While that makes sense for a man caught between worlds, it also means he sometimes feels like less of a character and more of an observer.
No man, proclaimed Donne, is an island, and he was wrong. If we were not islands, we would be lost, drowned in each other's tragedies. We are insulated (a word that means, literally, remember, made into an island) from the tragedy of others, by our island nature and by the repetitive shape and form of the stories.
Gaiman is in love with digressions, and not all of them add to the story. The interludes—short vignettes about gods and spirits arriving in America—are often beautifully written but can feel like interruptions.
The pacing can be glacial in the middle, and by the time the big reveal comes, you may have guessed where it’s heading.
“Jesus. Low-Key Lyesmith," said Shadow. and then he heard what he was saying and he understood. "Loki," he said. "Loki Lie-smith."
"You're slow," said Loki, "but you get there in the end."
The Verdict: A Mythic Puzzle Box
Like the land it describes, American Gods is big, weird, and occasionally difficult to traverse.
“One describes a tale best by telling the tale. You see? The way one describes a story, to oneself or to the world, is by telling the story. It is a balancing act and it is a dream. The more accurate the map, the more it resembles the territory. The most accurate map possible would be the territory, and thus would be perfectly accurate and perfectly useless. The tale is the map that is the territory. You must remember this.”
Though unsettling, it is also profound, beautiful, and brimming with the kind of dreamlike imagery that sticks with you long after you close it.
Winner of the Hugo, Nebula, and Bram Stoker awards, American Gods has become a touchstone of contemporary fantasy literature. Its 2017 TV adaptation brought renewed attention to the book's prescient themes about belief and technology.
It is a book for those who enjoy stories that wander. Gaiman takes you on a road trip where every shadow hides something ancient, and every town has a secret. Whether you enjoy the ride depends on how much you like getting lost.
Read Next:
China Miéville's Perdido Street Station and Susanna Clarke's Jonathan Strange & Mr Norrell offer similarly ambitious fantasy.
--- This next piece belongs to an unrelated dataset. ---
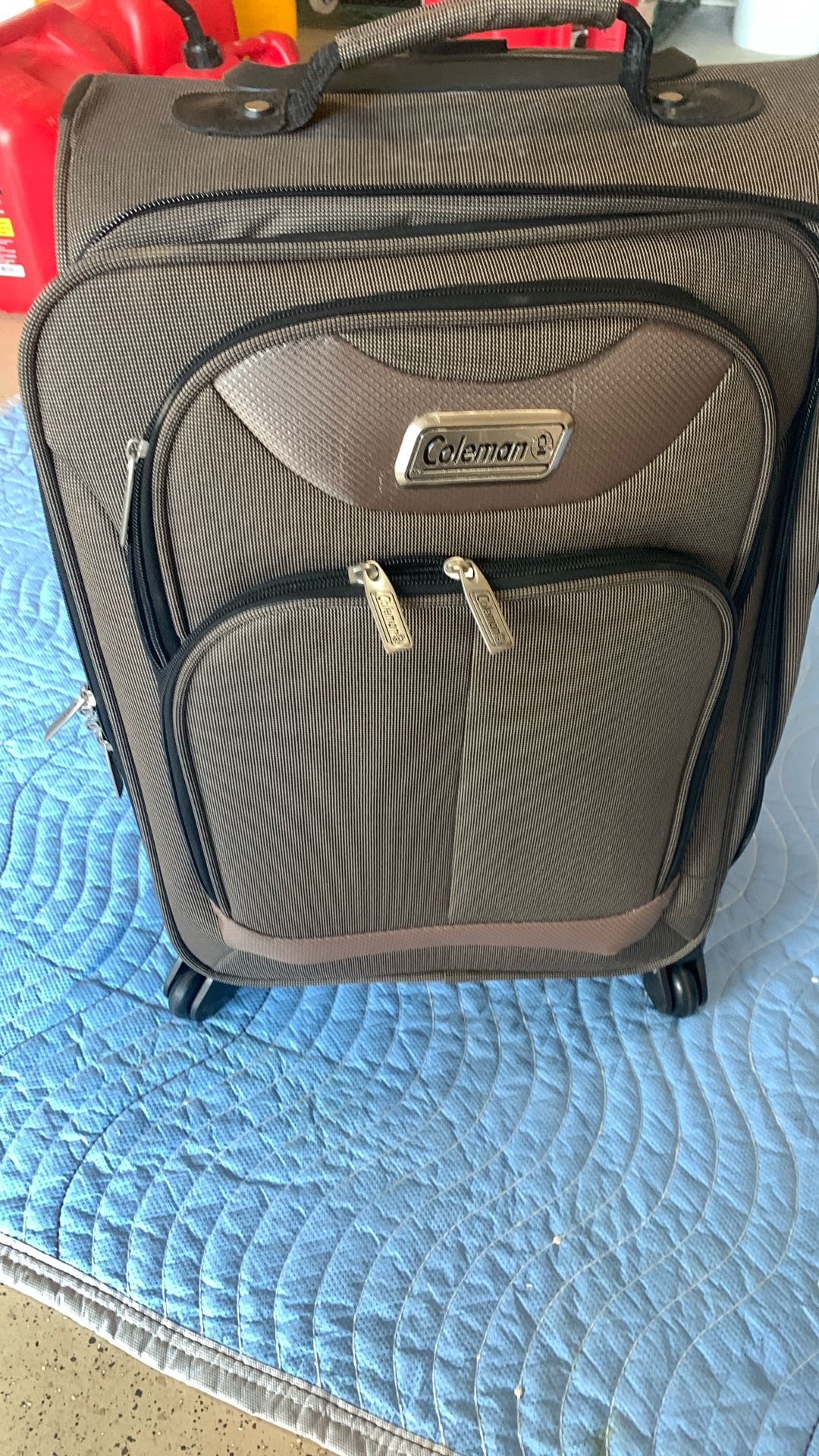 Small carry-on Coleman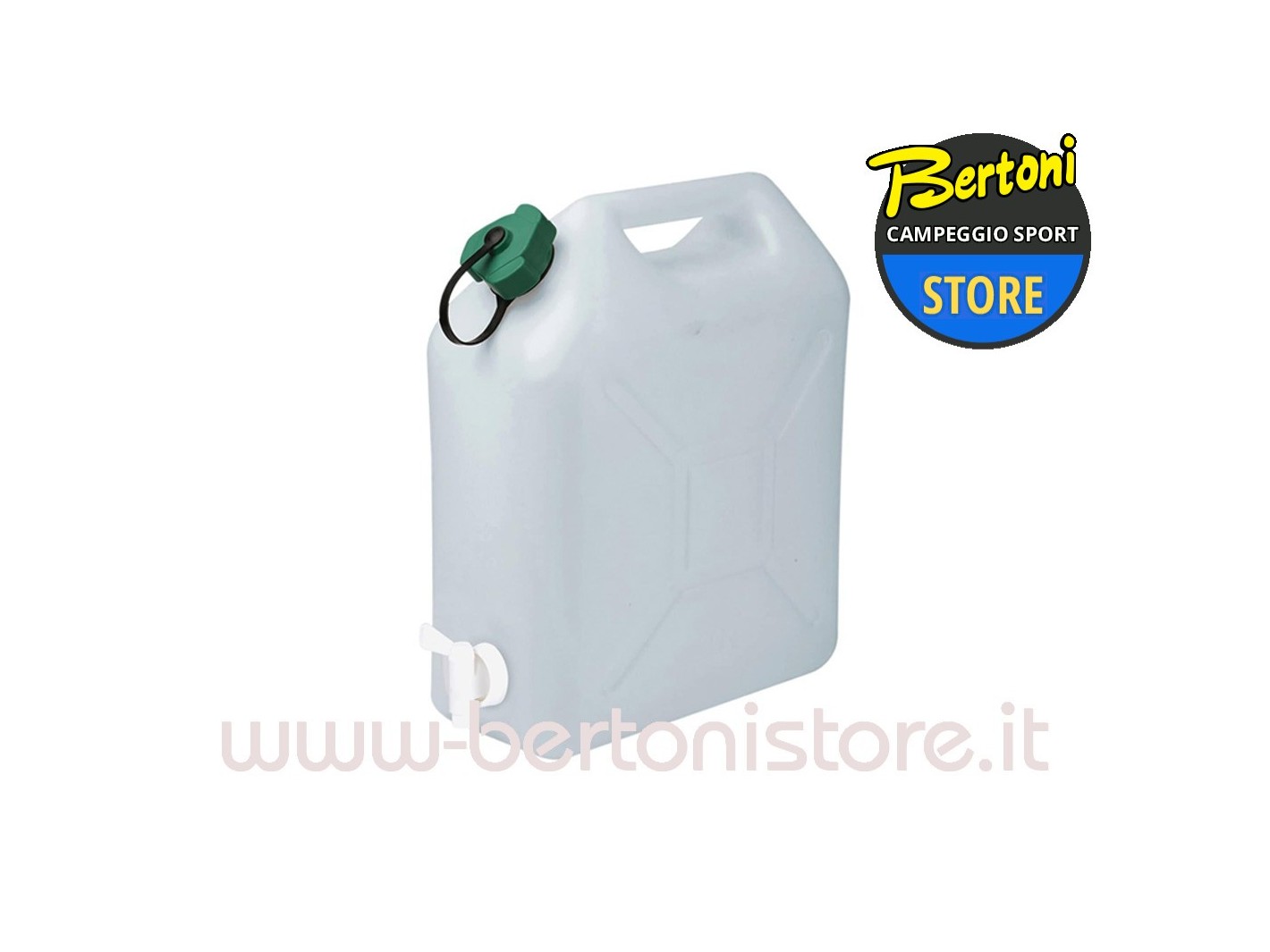 Tanica con Rubinetto 20 L 10587NASX5 EDA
In non-fiction, Bill Bryson's The Lost Continent: Travels in Small-Town America offers a shotgun-seat view of the American outskirts.
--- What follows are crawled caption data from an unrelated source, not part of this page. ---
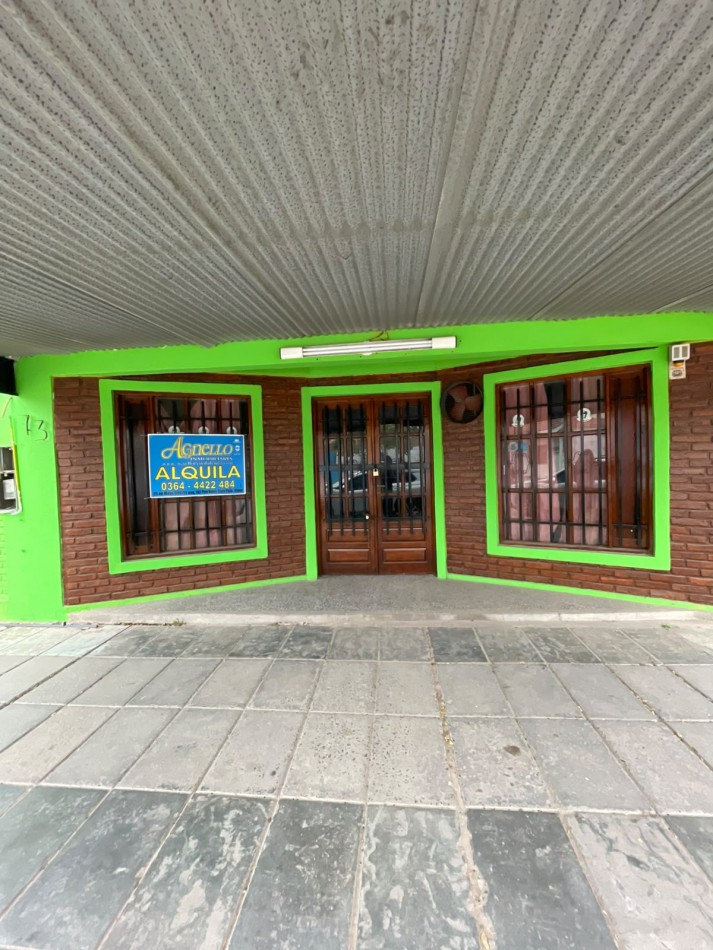 JOHN F. KENNEDY 13 - 9 ENTRE AV. 2 Y 0 RESERVA ESTE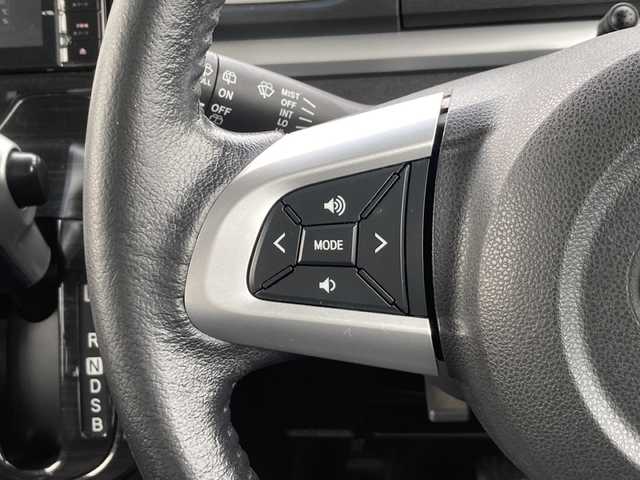 ダイハツ タント カスタム RS トップED SA 佐賀県 2014(平26)年 4.1万km パールホワイトⅢ KENWOODナビ/バックカメラ/両側パワースライドドア/スマートアシスト/ハーフレザーシート/ETC/ecoIDLE/プッシュスタート/スマートキー/ステアリングリモコン/LEDヘッドライト/フォグライト/純正アルミホイール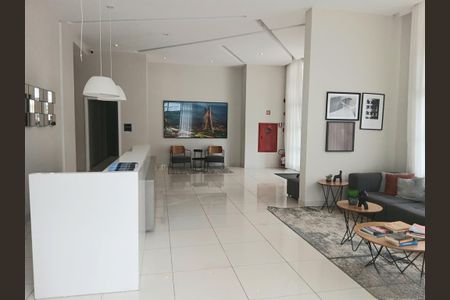 Kitnet/Studio para alugar com 1 quarto, 35m² em Real Parque, São Paulo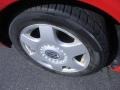 Red Uni - New Beetle GLS Coupe Photo No. 2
“What I say is, a town isn’t a town without a bookstore. It may call itself a town, but unless it’s got a bookstore, it knows it’s not foolin’ a soul.”
But, if you just want more Gaiman, albeit with tighter storytelling, The Ocean at the End of the Lane delivers his mythic weirdness in a more compact, emotionally driven package.
And of course, his Norse Mythology offers you Odin, Loki and the rest in their original tales.